What is the difference between an 8-inch and 10-inch drill press?

The difference here lies in the press swing. An 8″ drill press has an 8″ swing width, thus a 4″ distance between the chuck’s center and the column, while a 10″ drill press has 5″ of space here. So a 10″ drill press can accommodate larger workpieces than the 8″ press.

Keep in mind that the swing distance is 2 times the distance between the column and the center of the drill chuck.

16 inch drill press
A drill press with 16-inch swing distance.

Other Sizes to Consider

Motor Size

The drill press’s motor determines the power (measured in watts or HP) it provides when working. Greater power equates to quicker work on soft material or the ability to drill through more challenging materials such as tough tool steel. The amp and voltage figures are displayed on all drill press motors. To get the watts, multiply these together. Some countries still express power as HP (horsepower) – 1HP equates to 745.7 watts.

A floor-mounted home model would typically offer 1000 watts or less, while a benchtop model would offer between a third and half of that. Industrial models are considerably more powerful, so their watt value would be far higher.

Rotation Speed

Most drill presses offer variable rotation speeds. This is important since the optimum drill bit rotation speed varies with the material you’re drilling. Harder materials require slower rotation speeds.

Most benchtop models would offer you five or six speeds, which is adequate for most applications. High-end floor models offer as many as 16 rotation speeds, allowing for precise optimization for each project.

Drill Chuck Size

The drill chuck size determines the maximum shank diameter you can use on a drill press. The shank is the drill bit portion that gets “held” by the drill press – some types have standard shank diameters, while others vary. Typically, chuck sizes range from ½” (1.27cm) upwards, with many being ¾” (1.9cm). Most drill bits fit into these chick sizes, but some specialty drill bits don’t. If your project requires drill bits that won’t fit into this typical chuck size range, you may need a special tool holder such as a drill bit sleeve.

Flooring Space

In most workshops, flooring space comes at a premium, so the less flooring space required for a tool, the better. Benchtop drill presses require far less flooring space than their floor-mounted counterparts. They are also more portable and can be moved around as needed, although moving a drill press is not as simple and easy as pushing a pile of books. We don’t recommend moving these types of tools.

What Size of Drill Press Do I Need?

The size drill press you need is determined by the type of work you plan on doing and how often you need to carry it out. Suppose you have a small workshop and use the drill press regularly for limited applications. In that case, a benchtop press is probably best. These are small and thus take up limited floor space. While their swing is typically smaller than their floor-mounted versions, they are still excellent tools and sufficient for most tasks.

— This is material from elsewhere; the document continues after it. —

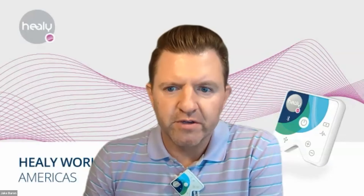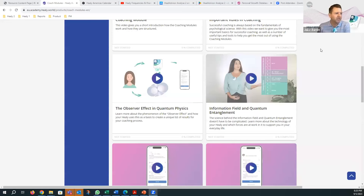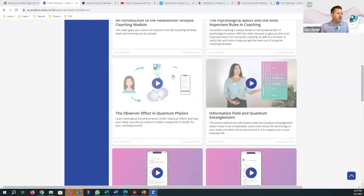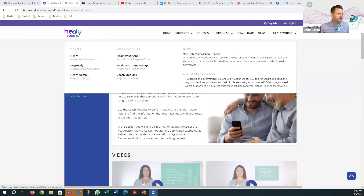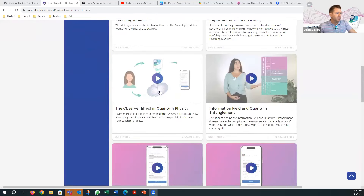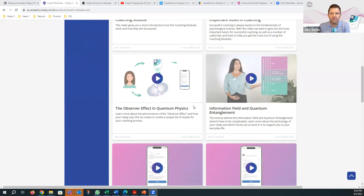Before we move on to the next question — if you go to Academy and go to the Coaching module section, which is under Products > Coach Module, scroll down to 'The Observer Effecting Quantum Physics' and watch that video. It explains a little bit about what we're talking about here.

A floor-mounted model would be best if you’re carrying out repetitive drilling, especially in heavy-duty applications using thicker or harder materials. Benchtop models aren’t meant for this type of heavy-duty work.

Typically, benchtop models are far more economical than their floor-mounted counterparts. Before purchasing a floor-mounted model, ensure that the work you intend to use it for justifies the expense.

For Woodworking

The best drill press for your workshop depends on the projects you intend to carry out and how frequently you’ll use it. Infrequent projects on smaller workpieces generally don’t justify purchasing a large, floor-mounted unit.

Drillpress For Metal

Drill presses for metalwork generally require a greater speed range than woodworking since metals vary significantly in hardness. Let this be the guiding factor as you shop for drill presses. As before, the size and frequency of your projects would determine the type of drill press you get.